Estaba intrigadísimo y tenía miedo, pero le tendió la mano. Sam se la estrechó mientras los demás muchachos los miraban con curiosidad o contemplaban la lluvia. Sólo el sargento se adelantó y le entregó a Sam su espada por la empuñadura.
—Le hará más falta que a mí, príncipe Sameth —dijo. Y como si le leyera el pensamiento al muchacho, añadió—: Ojalá estuviera aquí su señora madre. Buena suerte, mi señor.
—Gracias —dijo Sam devolviéndole la espada—. Por desgracia, sólo me sirve una espada encantada. Quédesela.
El sargento asintió y recuperó la espada. Sam adoptó la postura de defensa de los boxeadores y cerró los ojos. Tanteó en busca del límite entre la vida y la muerte y lo encontró sin tropiezos; experimentó la extraña sensación de la lluvia deslizándose por la nuca al tiempo que el frío tremendo del Reino de la Muerte, donde nunca llovía, le daba en la cara.

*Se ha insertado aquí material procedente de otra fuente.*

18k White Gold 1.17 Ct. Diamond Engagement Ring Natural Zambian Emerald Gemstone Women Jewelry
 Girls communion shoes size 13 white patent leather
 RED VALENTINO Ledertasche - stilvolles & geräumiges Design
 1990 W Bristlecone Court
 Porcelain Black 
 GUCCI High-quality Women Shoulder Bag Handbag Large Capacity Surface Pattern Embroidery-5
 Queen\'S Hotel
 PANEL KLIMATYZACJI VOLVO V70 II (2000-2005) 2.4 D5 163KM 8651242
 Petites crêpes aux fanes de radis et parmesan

Concentrando toda su fuerza de voluntad, Sam empujó en dirección al frío para que su espíritu se adentrara en el reino de los muertos. A continuación, sin previo aviso, se encontró allí, y notó el frío en todo el cuerpo, no sólo en la cara. Abrió los ojos como platos, vio la luz grisácea y monótona del Reino de la Muerte y notó en las piernas que la corriente del río tiraba de él. De lejos le llegó el rugido de la Primera Puerta y se estremeció.
Entretanto, en el reino de los vivos, Nick y el sargento comprobaron de repente que el cuerpo de Sam se ponía rígido. De la nada surgió una niebla que, cual enredadera, se enroscó a sus piernas. Ante sus ojos, vieron su cara y sus manos cubrirse de escarcha, una capa helada que la lluvia no conseguía disolver.
—No sé si creer en lo que veo —susurró Nick apartando la vista de Sam para observar a los muertos que se aproximaban.
—Más te vale dar crédito a tus ojos —dijo el sargento sombríamente—. Porque creas o no en ellos, te matarán.